В ноябре 2003 г. в Грузии прошла первая «цветная революция», которая привела к смещению со своего поста президента Эдуарда Шеварднадзе и внеочередным выборам, на которых победил молодой прозападный политик Михаил Саакашвили. Этот эпизод немедленно породил в Кремле разговоры о «вторжении США» на постсоветское пространство с целью смены лояльных России политических лидеров. «В Америке, Европе и на Востоке среди людей, принимающих решение… есть группа людей, которая состоит из деятелей, рассматривающих нашу страну как потенциального противника… Их цель – разрушение России и заполнение ее огромного пространства многочисленными недееспособными квазигосударственными образованиями» – так описывал ситуацию Владислав Сурков. Более того, продолжал он, у внешнего врага есть мощная поддержка внутри России: «Фактически в осажденной стране возникла пятая колонна левых и правых радикалов. Лимоны и некоторые яблоки[299] растут теперь на одной ветке. У фальшивых либералов и настоящих нацистов все больше общего. Общие спонсоры зарубежного происхождения»[300].

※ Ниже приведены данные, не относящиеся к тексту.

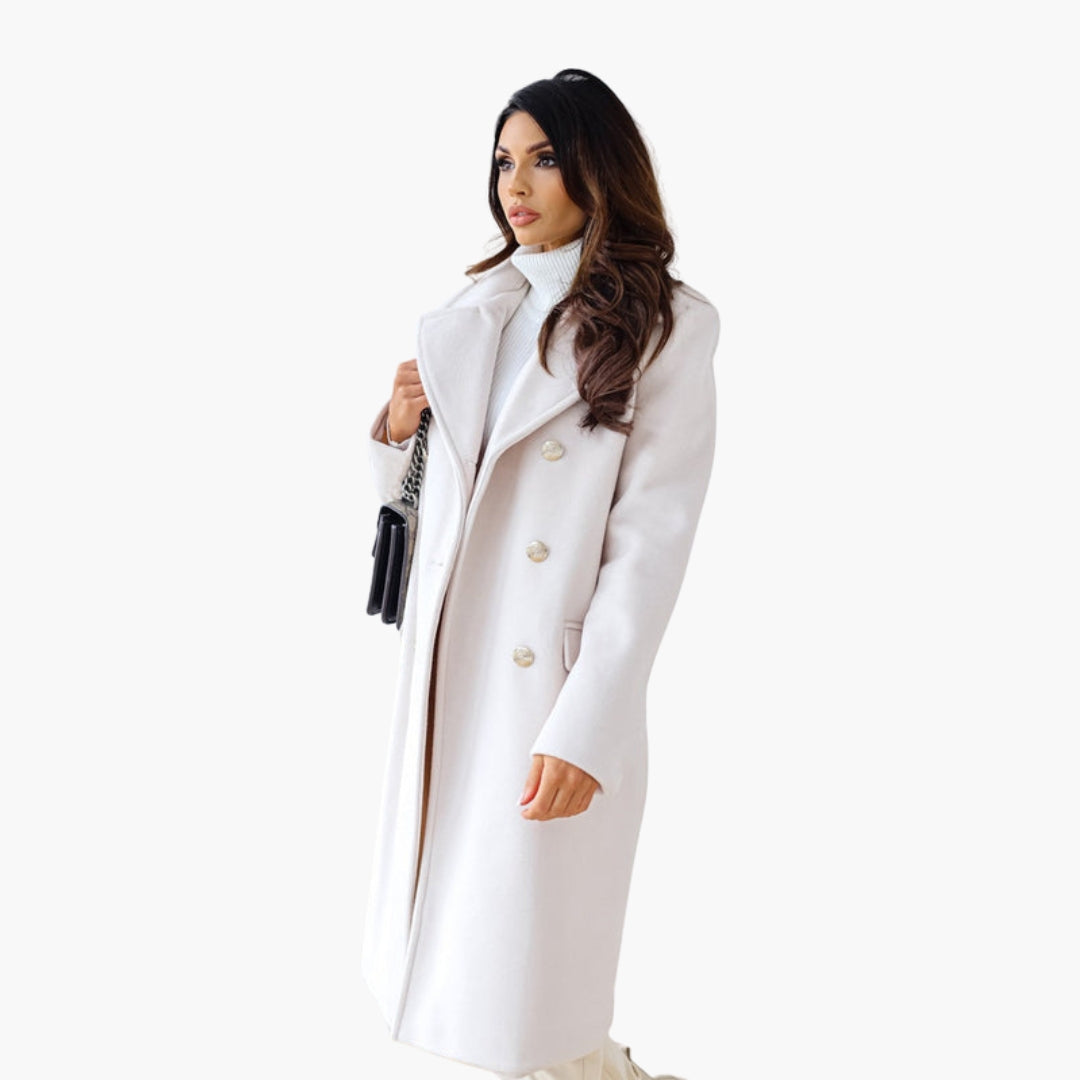 Manteau long femme à boutons et col à revers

«Оранжевая революция» на Украине (ноябрь – декабрь 2004 г.) и «революция тюльпанов» в Киргизии (весна 2005 г.) стали для Кремля лишним доказательством того, что он не зря опасается внешнего врага[301]. «Что угрожает суверенитету [России]? …Мягкое поглощение по современным “оранжевым технологиям” …не могу сказать, что вопрос этот снят с повестки дня, потому что, если у них это получилось в четырех странах, почему бы это не сделать и в пятой? Думаю, что эти попытки не ограничатся 2007–2008 гг. Наши иноземные друзья могут и в будущем как-то пытаться их повторить», – прямо говорил Сурков в феврале 2006 г.[302]

Кремль не мог не заметить, что главную роль в смещении действующего президента в Грузии сыграла парламентская оппозиция (чуть позже события на Украине и в Киргизии подтвердят правильность этих наблюдений), из чего был сделан однозначный вывод: в российском парламенте может быть «оппозиция Его Величества, но не оппозиция Его Величеству»[303].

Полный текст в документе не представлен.